I’M A FAN by Sheena Patel (2022)

by Jan 19, 2024News

About 10 years ago, when I was single & dating, I met a woman. Or rather, we got as far as the precursor to meeting, which was a phone call. You can tell it was the olden days.

When she called, it was the weekend and I was cleaning my house. I had my phone in my pocket and earbuds in my ears. The house was messy, so there was plenty to keep me busy. It turned out to be a good thing, because this woman could talk. She kept up an unbroken monologue for three hours. I only said “yes” and “mmm”. I picked up all the clothes in the floordrobe. I took the books off the shelf instead of just waving the duster around them. I wiped windowsills. She talked and I cleaned, surging forward on a great wave of words. It became clear that she was both slightly unhinged and monstrously intelligent. I was sucked in to this whirling, self-propelling vortex of self-reflection, social critique, political commentary. At the end of it, I was exhausted; my brain popped and sizzled. I needed a painkiller and a nap to recover. We never spoke again. I was intrigued by her ideas but the force of her energy was too much. Later, I realised she was a quite-famous journalist.

I was reminded of this experience when reading Sheena Patel’s award-winning novel, “I’m a Fan” (2022). I read it whenever I had a chance, on train journeys, between meetings. I finished it last night, in a marathon session. The book is an uninterrupted, increasingly deranged monologue by a young female narrator. Her intelligence and ability to illuminate everything from Brexit to the semiotics of whiteness command the reader’s full attention. At the same time, none of this protects the narrator from her own decision-making. First, she allows herself to be hooked like a fish by some man who cares nothing about her. Then she develops an obsession with his wife, his girlfriend and his other girlfriend, hunting them on social media. Then she becomes a fully-fledged stalker and starts showing up in people’s real lives. It’s disturbing, exhausting and relentless. I was glad to have met her but also glad she wasn’t in my life all the time.
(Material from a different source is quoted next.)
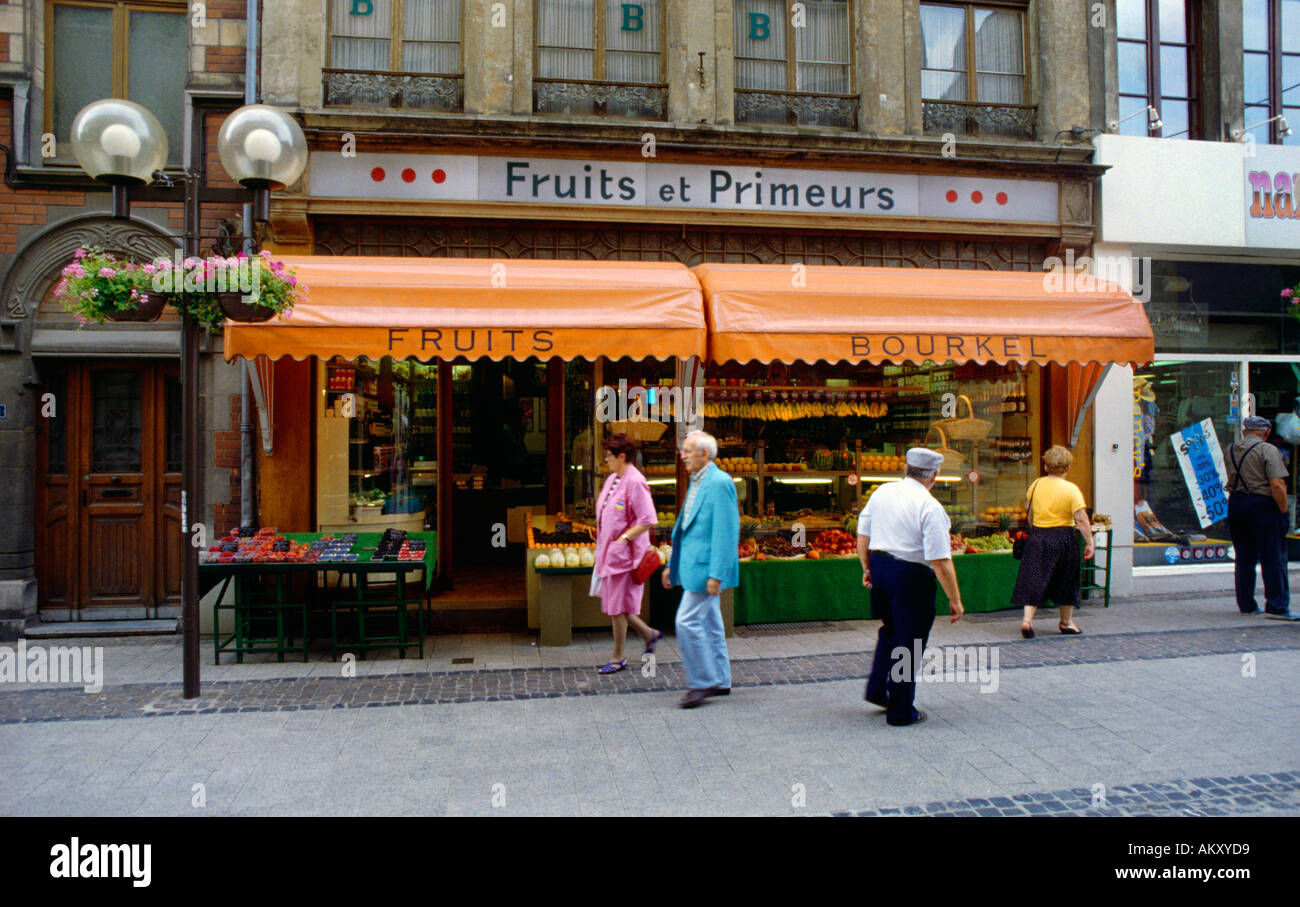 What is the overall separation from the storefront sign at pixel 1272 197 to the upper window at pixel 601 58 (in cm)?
712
If you’re wondering what this has to do with #semiotics, here it is. You should read good quality #fiction because it helps you think. It is an invitation to get deeply inside another person’s worldview in a way that an #interview can never achieve. Even #ethnography struggles to compare to it – despite its intimacy, you can never be there in the research participant’s most private, darkest moments. The times when she’s miming a party in her bedroom, standing upright in a toilet cubicle, a frozen pillar of inaction, or experiencing pangs of jealousy and resentment towards a dog. You need #literature if you want to understand. Thank you, Sheena, for writing it. I wanted to tag her on LinkedIn, but she’s not here. Imagine not having to be on LinkedIn. The alluring mysteries of other people’s lives.